[What you need to do]: Print the line that has "30524 Ne 10TH St, Washougal, WA 98671" in it, then every remaining line of the data, exactly and without anything extra.

[Dataset content]:
::::::

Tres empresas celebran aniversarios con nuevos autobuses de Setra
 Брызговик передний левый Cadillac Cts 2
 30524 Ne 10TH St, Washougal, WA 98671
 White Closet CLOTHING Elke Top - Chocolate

::::::

[Response for this exercise]:
 30524 Ne 10TH St, Washougal, WA 98671
 White Closet CLOTHING Elke Top - Chocolate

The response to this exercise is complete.